Daher ist es nach Auffassung des Sachverständigen deutlich einfacher, auf die Knochenaugmentation zu verzichten, wenn durch mehr Implantate der gleiche Effekt erzielt werden kann. Ein Patient werde sich im Übrigen kaum zu einem Eingriff entscheiden, der insgesamt knapp ein Jahr dauern werde, wenn dasselbe Ergebnis mit sechs Implantaten innerhalb von drei Monaten und mit nur einem einzigen und kleineren Eingriff zu erreichen sei.

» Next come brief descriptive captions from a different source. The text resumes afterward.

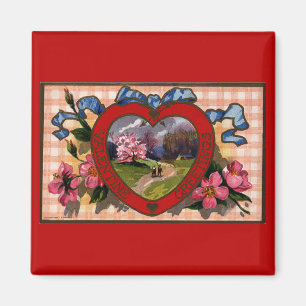 Aimant Cartes de vœux vintage pour la Saint-Valentin Cœur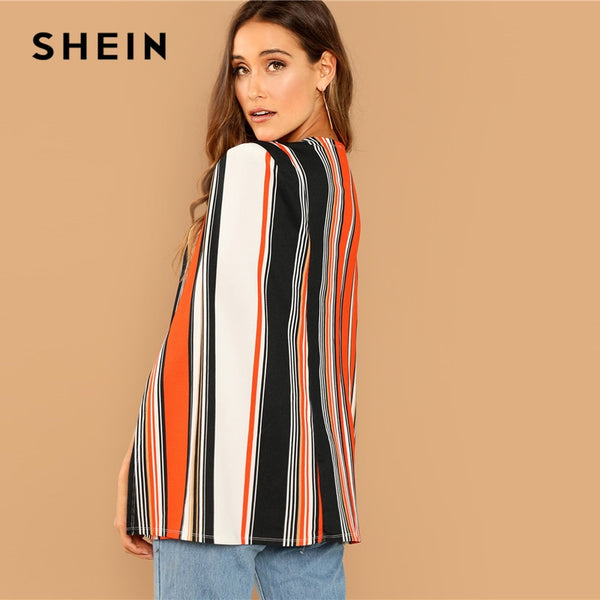 Open Front Striped Cape Jacket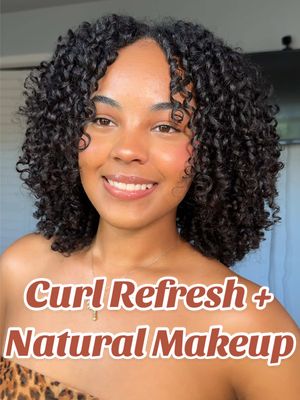 A post by @michixo__ on TikTok caption: Natural makeup inspo + curl refresh 🐆❤️ #hair #curlygirl #inspiration #natural #makeup #routine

Hinzu komme, dass der Knochenaufbau möglicherweise teurer ist als zwei zusätzliche Implantate.

 

Knochenabbau kann durch zusätzliche Implantate verhindert werden

Zusammenfassend stellte der Gutachter fest, dass angesichts des reduzierten Knochenangebots im Seitenzahnbereich Implantate zwar gesetzt werden konnten, diese jedoch tatsächlich mehr als vier Implantate erforderten, um dem Kaudruck auf Dauer standzuhalten. Im Übrigen hätten Implantate eine sogenannte „knochenprotektive Wirkung“, würden also den Abbau des Alveolarfortsatzknochens verhindern. Je mehr Implantate eingesetzt würden, umso mehr könne somit Knochenabbau verhindert werden.

 

Da sechs Implantate im Übrigen eine längere Lebenserwartung haben als vier Implantate und dem Patienten wegen des festeren Sitzes der Prothese ferner ein besseres Kaugefühl geben, wurde die beim Patienten vom Zahnarzt durchgeführte Behandlung vom Sachverständigen insgesamt für medizinisch indiziert und richtig betrachtet.

Das Urteil

Diesen gutachterlichen Feststellungen ist das Amtsgericht Mannheim vollumfänglich gefolgt. Die Hallesche Krankenversicherung muss dem Patienten die Behandlungskosten somit für insgesamt sechs Implantate bezahlen. Die Kosten des Rechtsstreits einschließlich der Sachverständigenkosten sind aufgrund des Unterliegens der Krankenversicherung in diesem Punkt vollständig von ihr zu tragen.

 

Es zeigt sich also, dass sich die Auseinandersetzung in diesem Fall gelohnt hat. Private Krankenversicherungen lehnen nur allzu gern und schnell die Übernahme notwendiger Behandlungskosten ab. Gegen diese ablehnende Haltung mancher Kostenerstatter sollten sich die Implantologen und deren Patienten zur Wehr setzen.